Russian President Vladimir Putin says there are no obstacles left for Iran to join the Shanghai Cooperation Organisation (SCO), a regional security and economic cooperation body led by China and Russia.

“We believe that after Iran’s nuclear problem was solved and United Nations sanctions lifted, there have been no obstacles left (for Iran’s membership in the SCO),” Putin told an SCO summit in the Uzbek capital Tashkent on Friday.

Earlier, reports from the summit said SCO members had failed to initiate the accession process for Iran which expected to make it into the emerging power group after the lifting of sanctions.

“We failed to reach an agreement with our colleagues this time, but the work continues,” special Russian envoy to the SCO Bakhtiyor Khakimov said.

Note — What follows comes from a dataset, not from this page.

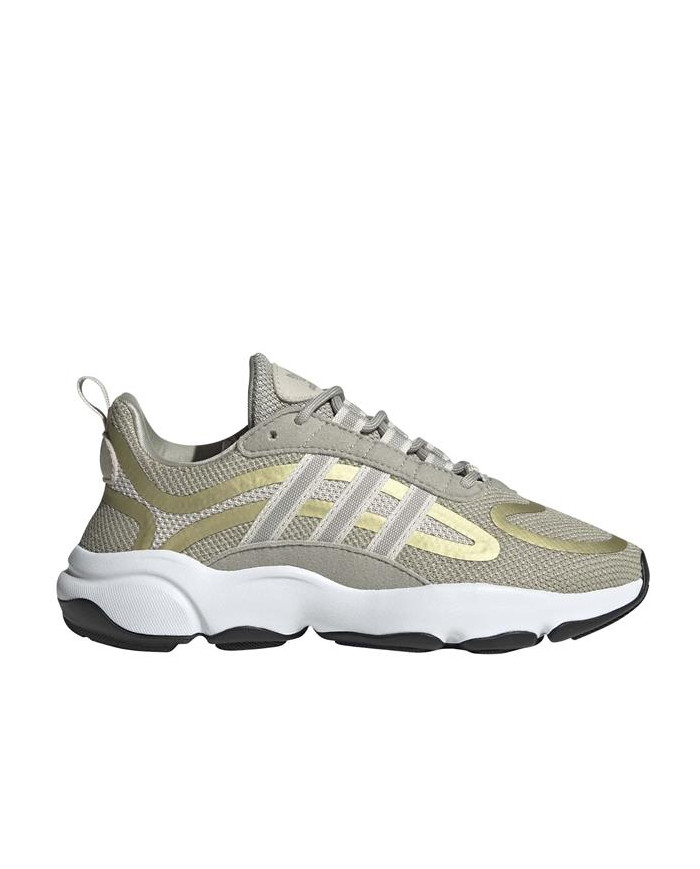 Adidas Dziecięce Junior Sneakersy Haiwee J EF5768 Złoty | Sklep Monotox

He said there were no objections to the idea of Iran’s full membership “in principle,” but there were “technical nuances” related to the timing which he did not elaborate.

“The Russian position is clear in its support of initiating the SCO admission process [for Iran] without delays, if possible,” Khakimov said.

Iranian Foreign Minister Mohammad Javad Zarif arrived in Tashkent early Friday to attend the summit. The country, which has an observer status on the SCO, had sent President Hassan Rouhani to the forum held in the Russian city of Ufa last year.

Iran has long sought membership in the SCO but the group kept the country waiting until it reached an agreement with the US, Europe and other key international players on its nuclear program.

With the addition of Iran, the group would control around a fifth of the world’s oil and represent nearly a half of the global population.

Russian Putin and his Chinese counterpart Xi Jinping are attending the Tashkent summit as is Indian Prime Minister Narendra Modi.

The organization is expected to get India and Pakistan on its roster even as the two atomic archrivals would have to wait until the 2017 summit for a formal seat among its members.

There is optimism that the entry of India and Pakistan into the grouping will have a sobering effect on the two countries’ strained relations.

The SCO was founded in 2001 and has six full members, namely Kazakhstan, China, Kyrgyzstan, Russia, Tajikistan, and Uzbekistan. Afghanistan, India, Mongolia, Belarus, India, and Pakistan are also observer members.

At the 15th anniversary of its establishment, the SCO is expected to release a declaration upon finalization in Tashkent.

The SCO has sought unity with the BRICS group of world countries – Brazil, India, South Africa, China and Russia. The two bodies have agreed to coordinate efforts to keep their economies stable, launched a development bank and agreed on a currency pool.